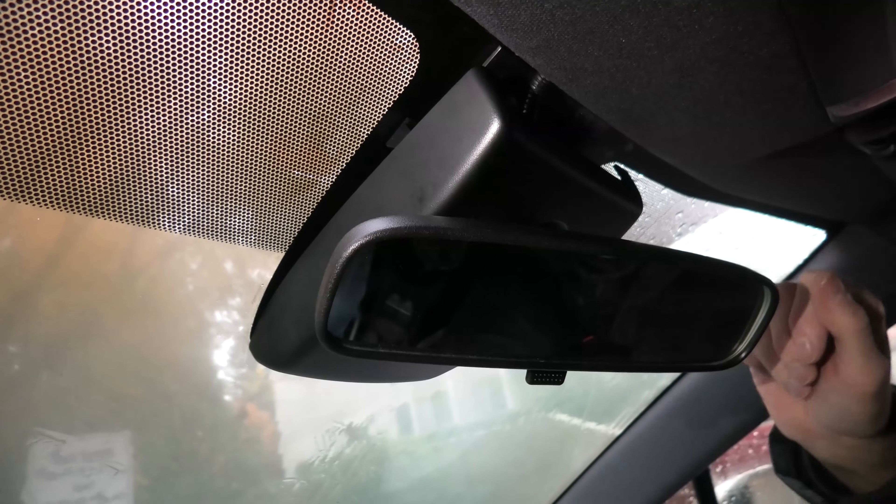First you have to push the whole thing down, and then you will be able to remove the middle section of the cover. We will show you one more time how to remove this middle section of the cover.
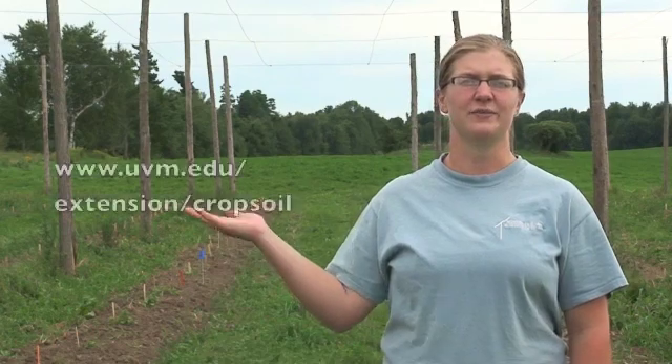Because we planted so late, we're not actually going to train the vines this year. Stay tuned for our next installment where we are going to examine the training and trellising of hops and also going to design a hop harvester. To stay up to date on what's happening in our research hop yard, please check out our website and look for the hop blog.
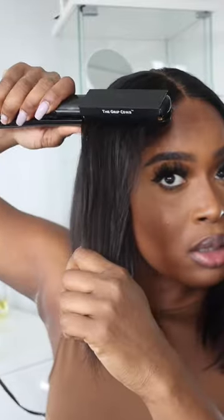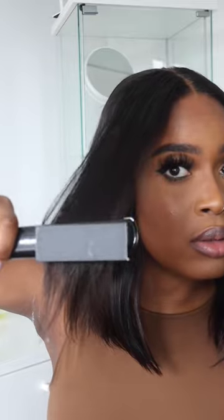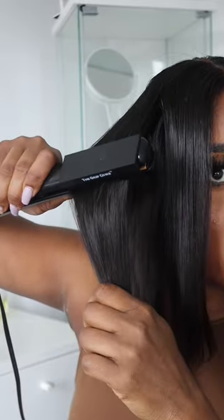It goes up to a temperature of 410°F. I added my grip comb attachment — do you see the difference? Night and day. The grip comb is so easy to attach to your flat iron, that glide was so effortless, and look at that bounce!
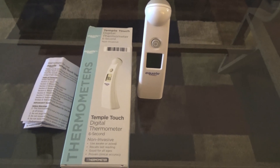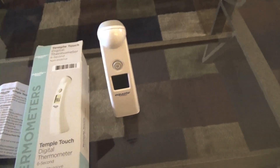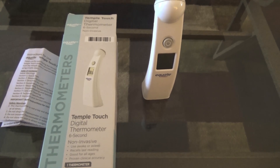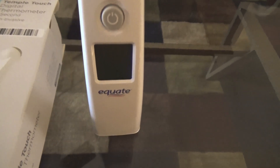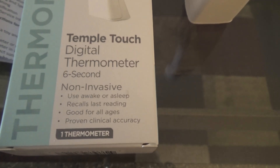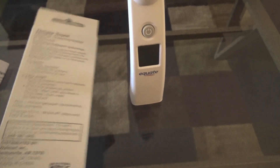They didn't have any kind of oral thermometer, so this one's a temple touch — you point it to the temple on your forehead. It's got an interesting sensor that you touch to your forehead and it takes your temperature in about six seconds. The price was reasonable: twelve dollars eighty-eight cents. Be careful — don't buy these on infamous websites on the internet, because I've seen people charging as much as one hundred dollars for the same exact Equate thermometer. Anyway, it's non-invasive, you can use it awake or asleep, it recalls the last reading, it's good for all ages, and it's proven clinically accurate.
==
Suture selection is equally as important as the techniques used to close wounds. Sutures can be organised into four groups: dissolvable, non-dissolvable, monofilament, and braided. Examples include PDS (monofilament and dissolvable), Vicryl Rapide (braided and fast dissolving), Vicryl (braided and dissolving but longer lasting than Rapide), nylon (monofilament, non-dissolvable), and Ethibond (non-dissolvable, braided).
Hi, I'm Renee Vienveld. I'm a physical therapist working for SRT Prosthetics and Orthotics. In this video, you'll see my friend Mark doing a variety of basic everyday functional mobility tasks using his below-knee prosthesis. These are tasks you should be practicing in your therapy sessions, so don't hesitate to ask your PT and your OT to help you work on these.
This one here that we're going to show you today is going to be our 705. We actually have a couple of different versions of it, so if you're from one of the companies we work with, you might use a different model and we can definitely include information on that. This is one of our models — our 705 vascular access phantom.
--
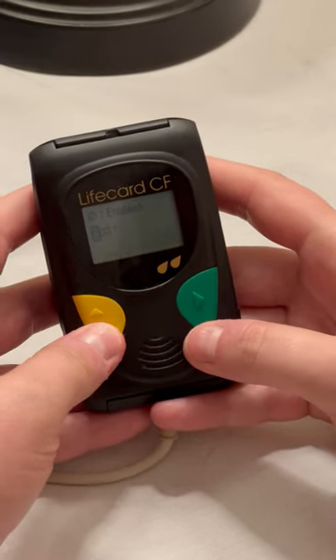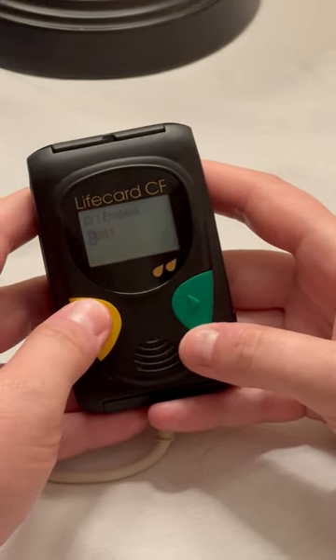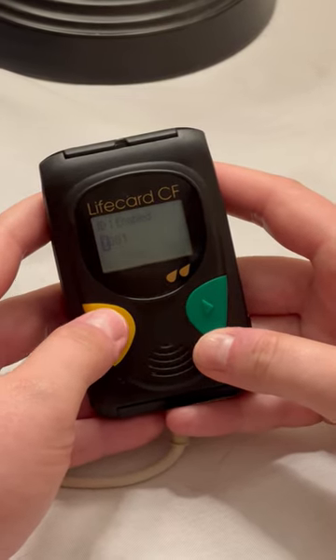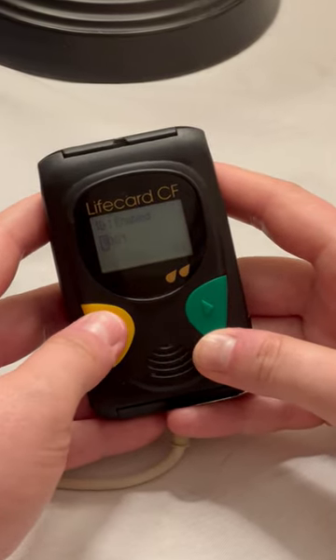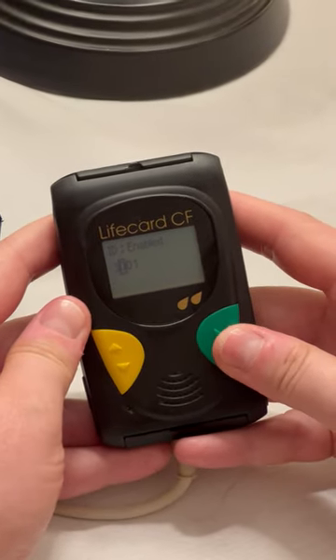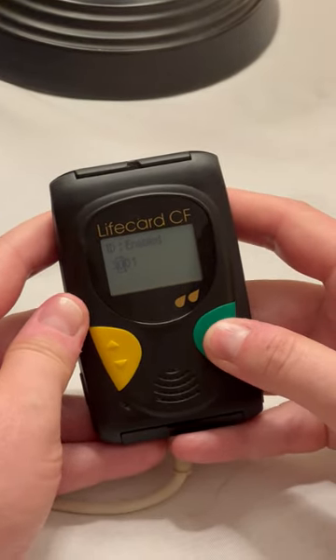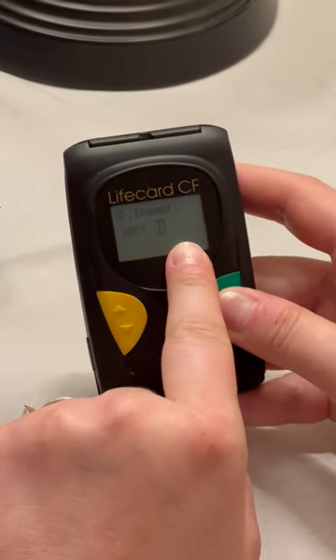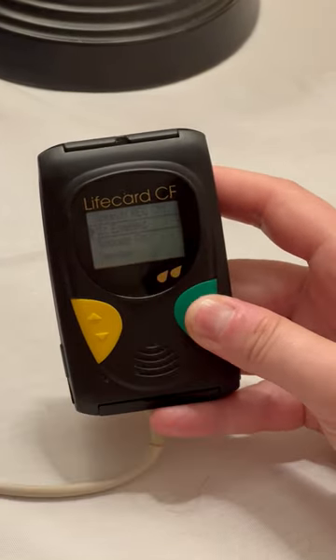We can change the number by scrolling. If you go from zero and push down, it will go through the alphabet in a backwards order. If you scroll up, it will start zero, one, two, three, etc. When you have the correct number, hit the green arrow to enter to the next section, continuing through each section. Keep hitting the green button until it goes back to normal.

_What to produce_
Produce a word-for-word copy of everything above from the line holding "Suture selection is" down to the line holding "This one here", with both of those lines kept.

_Task solution_
Suture selection is equally as important as the techniques used to close wounds. Sutures can be organised into four groups: dissolvable, non-dissolvable, monofilament, and braided. Examples include PDS (monofilament and dissolvable), Vicryl Rapide (braided and fast dissolving), Vicryl (braided and dissolving but longer lasting than Rapide), nylon (monofilament, non-dissolvable), and Ethibond (non-dissolvable, braided).
Hi, I'm Renee Vienveld. I'm a physical therapist working for SRT Prosthetics and Orthotics. In this video, you'll see my friend Mark doing a variety of basic everyday functional mobility tasks using his below-knee prosthesis. These are tasks you should be practicing in your therapy sessions, so don't hesitate to ask your PT and your OT to help you work on these.
This one here that we're going to show you today is going to be our 705. We actually have a couple of different versions of it, so if you're from one of the companies we work with, you might use a different model and we can definitely include information on that. This is one of our models — our 705 vascular access phantom.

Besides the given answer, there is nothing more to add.